- _THE PROBLEM_
Word for word, set down every line of the entries below from the line with "a small bathroom" to the line with "A book is opening on desk Stock Photos", including both, and no other line.

- _GIVEN INFORMATION_
------------

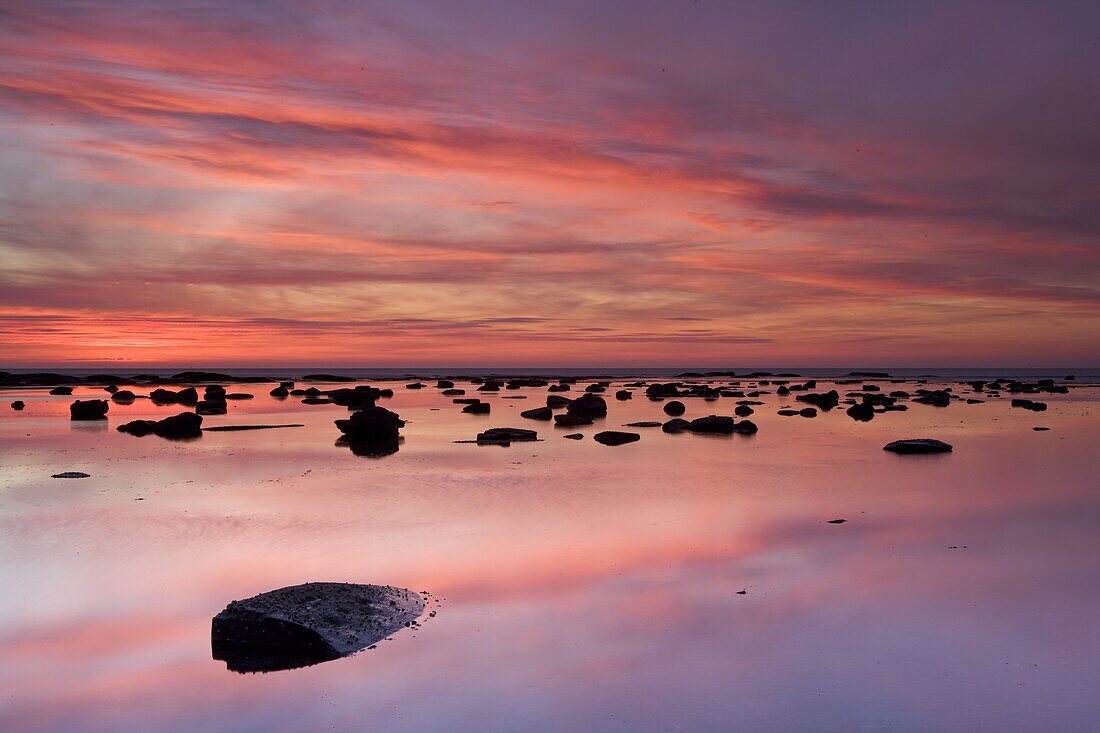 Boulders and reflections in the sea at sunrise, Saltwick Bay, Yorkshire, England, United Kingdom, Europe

------------

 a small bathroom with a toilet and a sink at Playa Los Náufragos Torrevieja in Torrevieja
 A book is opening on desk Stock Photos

------------

- _WRITTEN RESPONSE_
 a small bathroom with a toilet and a sink at Playa Los Náufragos Torrevieja in Torrevieja
 A book is opening on desk Stock Photos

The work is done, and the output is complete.